What to work on:
Word for word, give the records again, dropping any picture they hold.

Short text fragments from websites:
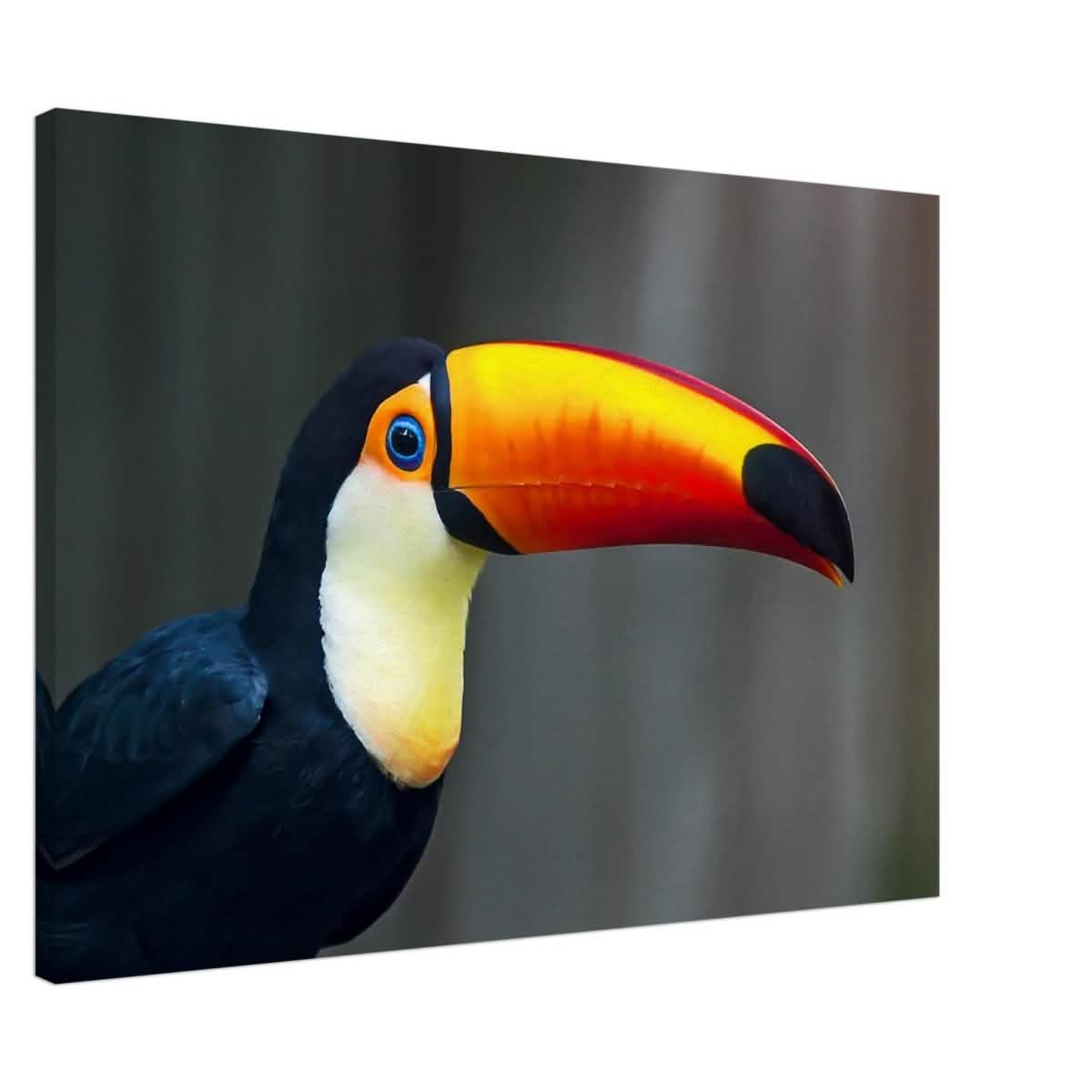 Da Vinci Animal Kingdom Wall art print collection | Wildlife | Toucans Bird - Brushed Aluminum Print - 50x75 cm / 20x30″ -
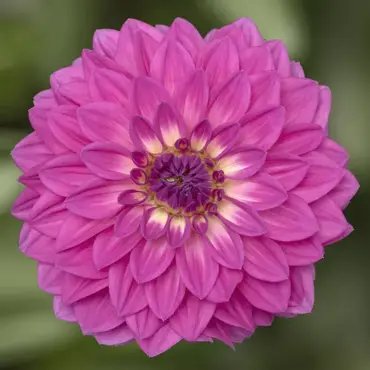 Dahlia Grandalia Rose 3.2 Litre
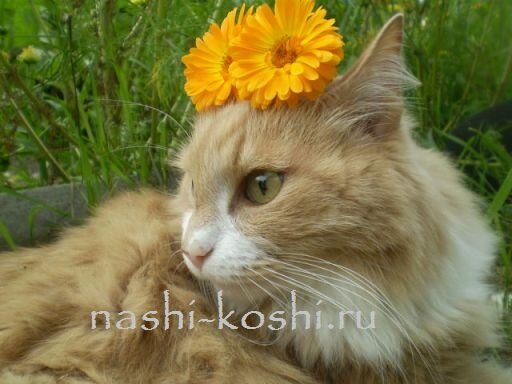кошка на разных языках
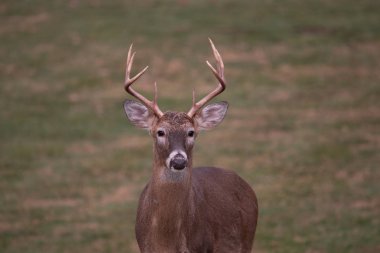 ak kuyruklu geyik sekiz maddelik buck sonbaharda bir çayırda.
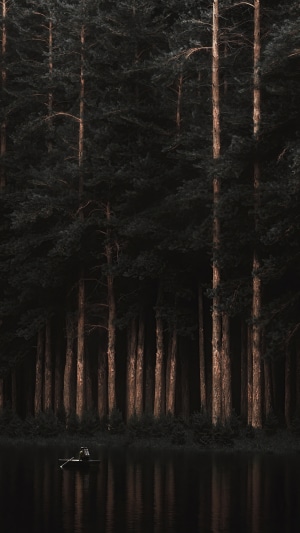 Person in a boat on a lake with a forest background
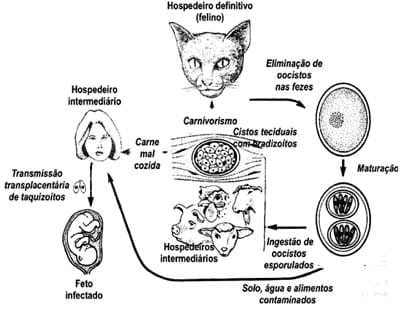 Sintomas do Toxoplasmose e seus tratamentos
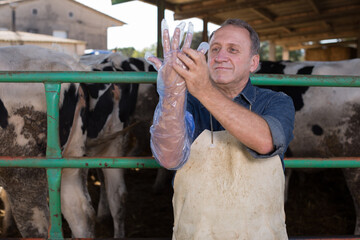 Farmer prepares for artificial insemination of cows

Solution for this task:
 Da Vinci Animal Kingdom Wall art print collection | Wildlife | Toucans Bird - Brushed Aluminum Print - 50x75 cm / 20x30″ -
 Dahlia Grandalia Rose 3.2 Litre
кошка на разных языках
 ak kuyruklu geyik sekiz maddelik buck sonbaharda bir çayırda.
 Person in a boat on a lake with a forest background
 Sintomas do Toxoplasmose e seus tratamentos
 Farmer prepares for artificial insemination of cows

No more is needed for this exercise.